O Carnaval deste ano foi o primeiro no qual Mestre Juca não desfilou em 60 anos. Debilitado, apenas assistiu as agremiações e escolas de samba desfilarem em sua homenagem. Em fevereiro, também foi lembrado num evento realizado no Theatro José de Alencar.


Para Marcos, mesmo com as dificuldades enfrentadas pelo tio na defesa do maracatu, ele morreu feliz com o reconhecimento. “Mestre Juca costumava dizer que queria ser homenageado em vida. E foi”, disse. “A morte dele só servirá para fortalecer nossa luta pela cultura”.

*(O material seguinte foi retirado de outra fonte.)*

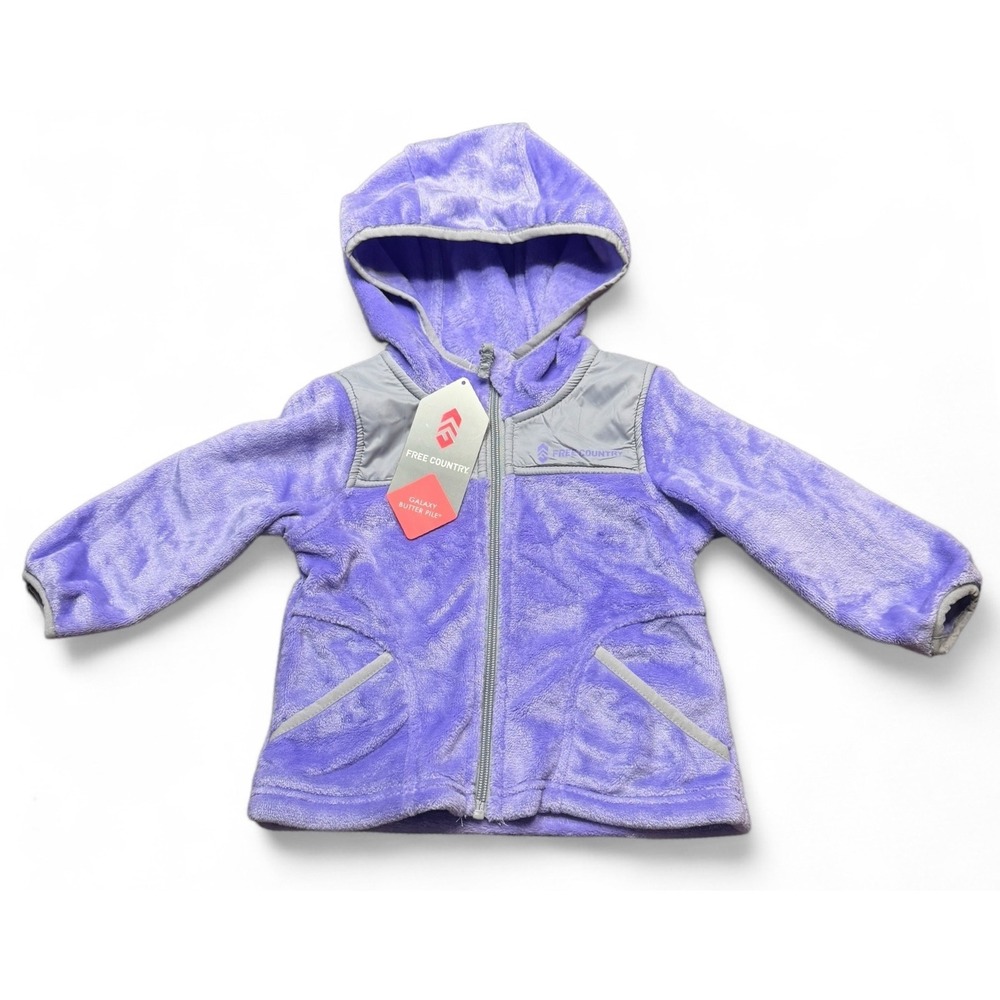NWT Kids Free Country Galaxy‎ Butter Pile Fleece Hooded Jacket Purple Size 2T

“Um perda irreparável”. Era o que repetiam durante o velório o casal de pretos velhos da Az de Ouro, Eliane Souza e Alexandre Costa. “A sensação é de vazio. A matéria pode ter partido, mas o espírito dele vai continuar aqui quando estivermos preparando as fantasias para o próximo Carnaval”, ressaltou ela.


O presidente do Maracatu Vozes D’África, Cláudio Correia, mal conseguia conter as lágrimas e revelou ter perdido um amigo. Segundo ele, Juca era um referencial de cultura para o Estado e que serviu como exemplo para diversas gerações de balaieiros, que terão a partir de agora a missão de continuar o trabalho do Mestre.


Para Cláudia Leitão, secretária de Cultura do Estado, o Ceará está de luto. “Mestre Juca era um ícone do nosso patrimônio imaterial; o mais antigo brincante de Fortaleza. Ele tinha a consciência da importante manifestação do Carnaval. A arte dele não se separava de sua vida. Até o final, sobreviveu e viveu da arte”, declarou. “Mestre Juca não morre, ele se encanta e fica como referência de mestre no mundo imaterial.


O mundo está muito indelicado. Precisamos valorizar esses líderes afetivos que trabalham a solidariedade e o compartilhamento, sem qualquer intelectualização teórica”.